Aside from the challenges of getting relisted, other cryptocurrency exchanges may follow suit and start delisting privacy coins. Nathan Catania, a partner at XReg Consulting — a crypto-asset regulatory firm — told Cointelegraph that it’s likely many crypto exchanges will start delisting privacy coins. “This could be due to outright bans, or greater regulatory pressures for virtual asset service providers to treat privacy coins as higher risk for Anti-Money Laundering purposes,” he said.
Asia’s two largest cryptocurrency exchange markets — Japan and South Korea — are already taking action to delist privacy coins. Catania further remarked that even if privacy coins are not banned, a lot more work and scrutiny would be required moving forward for crypto exchanges to interact with clients who wish to use privacy coins. Yet Catania believes that for some exchanges, the risks and costs would not outweigh the benefits of supporting privacy coins, so more exchanges are likely to delist privacy coins in the future.
Widely used privacy coins predicted to remain on exchanges
However, some experts beg to differ. Bill Barhydt, the CEO of Abra — a peer-to-peer payments platform that supports over 70 cryptocurrencies including Dash — told Cointelegraph that Abra works closely with third-party custody partners. He mentioned that, to his knowledge, these partners have no plans to delist any cryptocurrencies that are widely used in the marketplace today. Dash would fall into this category, as its current market cap rank is number 31 on CoinGecko, with 9.8 Million coins in circulation.
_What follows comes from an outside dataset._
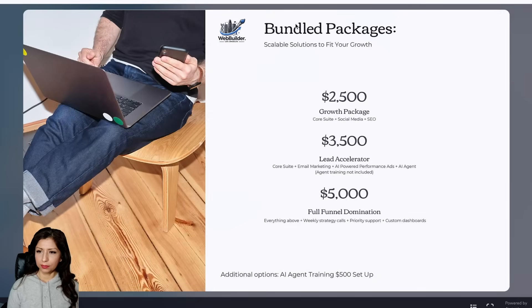We also offer bundled packages for scalable solutions. The Growth Package at $2,500 includes the Core Suite plus social media and SEO. The Lead Accelerator at $3,500 adds email marketing, AI-powered performance ads, and an AI agent — though agent training is not included.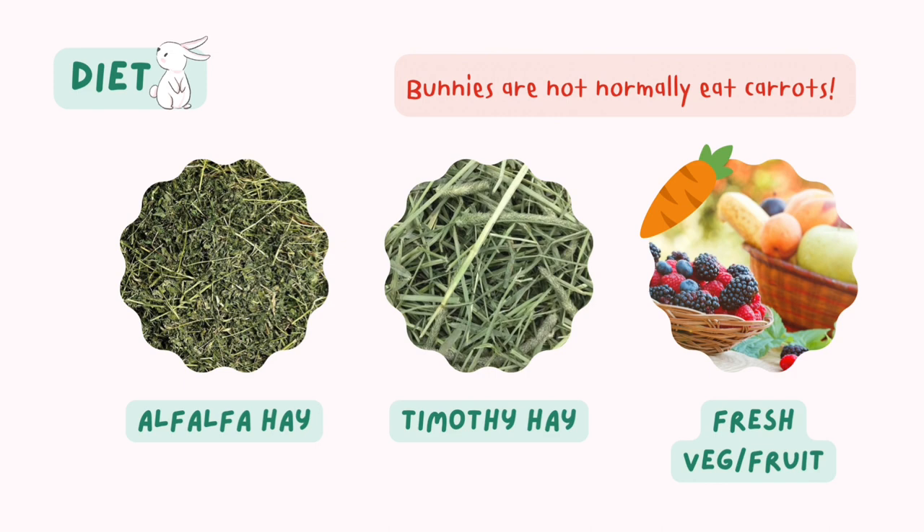Regarding the diet, this cafe feeds them pellets and some fresh carrots as well. I have never fed my bunny with pellets, so this is an awesome opportunity to see if diet actually makes a difference to their health. I found that 3 of the Holalops here are underweight.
In addition, many compliant crypto exchanges in the United States continue to support privacy coins. Justin Ehrenhofer, a compliance analyst at DV Chain — an affiliate of Chicago-based proprietary trading firm DV Trading — told Cointelegprah that exchanges, such as Kraken, which has a Special Purpose Depository Institution banking charter in the state of Wyoming, support many common privacy coins. He further noted that Gemini supports shielded Zcash deposits and withdrawals, pointing out that the risk-based approach Gemini takes for Zcash should apply to shielded deposits and withdrawals of other assets like Monero, too.
Is Dash even a privacy coin, and does this matter?
Speculations aside, Dash Core’s Taylor ultimately believes that Dash is no more of a privacy coin than Bitcoin: “Most people would say that Bitcoin is clearly not a privacy coin, so it’s informative to evaluate where Dash would fall on this privacy spectrum compared to Bitcoin.” He went on to add: “Bitcoin is absolutely higher risk than Dash from a regulatory perspective for many reasons, both technical and in terms of its real-world use.”
This notion was also specifically stated in an AML regulation report released by international law firm Perkins Coie. Taylor further expressed that the label of a privacy coin is meaningless, as different technologies provide differing degrees of privacy to different participants. According to Taylor, what is relevant for this specific case is how exchanges and other money services businesses can address the AML compliance risks for transactions for the cryptocurrencies they support.
It’s also important to point out that Bitcoin continues to be the most widely used cryptocurrency on darknet markets. John Jefferies, the chief financial analyst at CipherTrace — a blockchain intelligence firm — further told Cointelegraph that the line between privacy coins and Bitcoin is not binary since privacy enhancements like CoinJoin and layer-two networks can also enhance the privacy of Bitcoin transactions.